Berlin-based neobroker Trade Republic has been granted a full banking licence from the European Central Bank.
The new licence means the fintech can hold customer deposits and also create a lending business.
Previously, the fintech worked with banking partners Solaris AE, Deutsche Bank AG, JP Morgan SE and Citibank Europe plc to handle customer funds, according to its website.
Trade Republic was last valued at $5.3bn when it raised one of Germany’s biggest-ever rounds in 2021, from international VC heavyweights including Sequoia, Accel, TCV and Peter Thiel’s Founders Fund. The fintech says it has more than 2m customers across 17 European countries.
Currently, it provides trading and savings products, including commission-free trading for retail investors, and a monthly ETF savings plan through its partnership with BlackRock. It also introduced bond trading to its app in 2023.
Until now, Trade Republic operated with a “CRR investment firm” licence, a specific licence granted by German regulators to trading platforms. But on stage at the Slush tech conference in Helsinki last week, cofounder Christian Hecker said that the reason the fintech had been able to raise so much from investors was because it had “built a strong muscle” for working with regulators and had already obtained a banking licence.
“You can grow to a $1bn company with the help of investors, but you can only grow to a $10bn company with permission from politicians,” Hecker said, adding that some US financial companies had failed to conquer Europe due to regulatory hurdles.
“If you’d told me at the beginning that it would take four years to get a banking licence, I would never do it again,” Hecker continued, admitting that the company has a “love-hate relationship” with the German regulator BaFin.

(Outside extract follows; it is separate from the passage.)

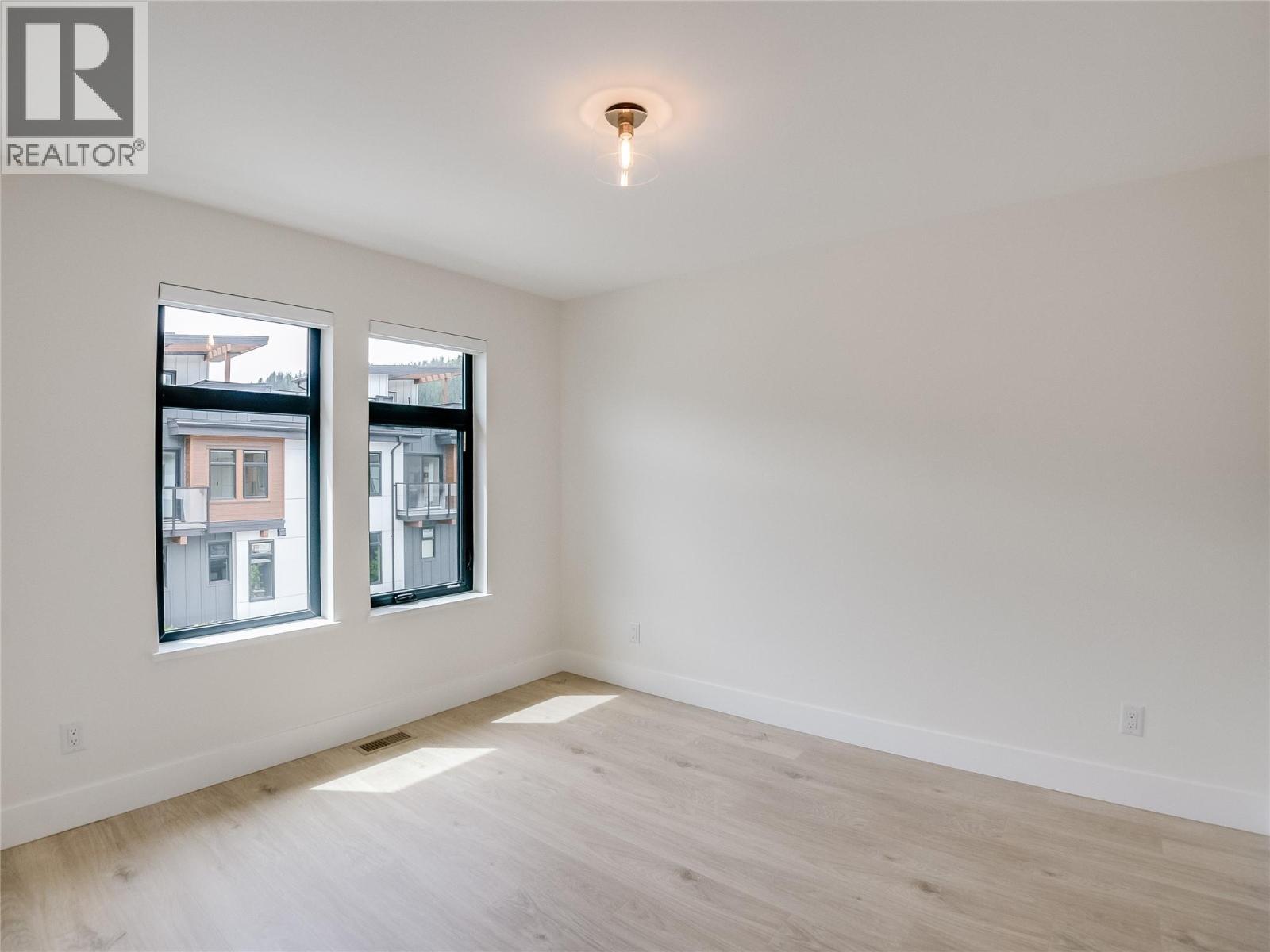 910 Lakeside Drive Unit# 208, Nelson, BC - Indoor Photo Showing Other Room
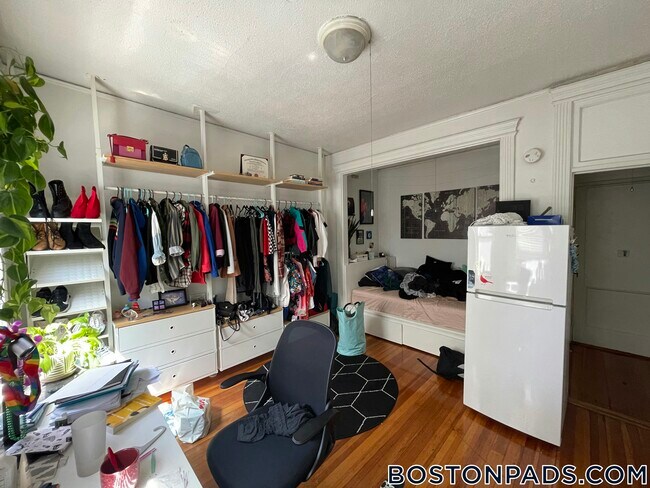 Foto del edificio - 64 Hemenway St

Hecker also said that the fintech had built its entire banking infrastructure in-house, rather than relying on a separate banking software partner.
Payment for order flow
Now that Trade Republic has obtained a full banking licence, it will be able to diversify its revenue streams and make money off customer deposits.
This could soon prove essential in the face of a planned EU ban on a controversial trading mechanism called payment for order flow (PFOF) — what enabled buzzy trading platforms like Trade Republic and Robinhood to lure in customers with commission-free trading. Instead of charging fees to consumers, they use PFOF to take rebates for forwarding customer orders to large market makers, like Citadel Securities.
This mechanism represents a third of the fintech’s revenues, Hecker said on stage at Slush last week. He also told the audience that he’d travelled to Brussels several times in the last year to lobby against the ban, which is planned to come into force in 2026.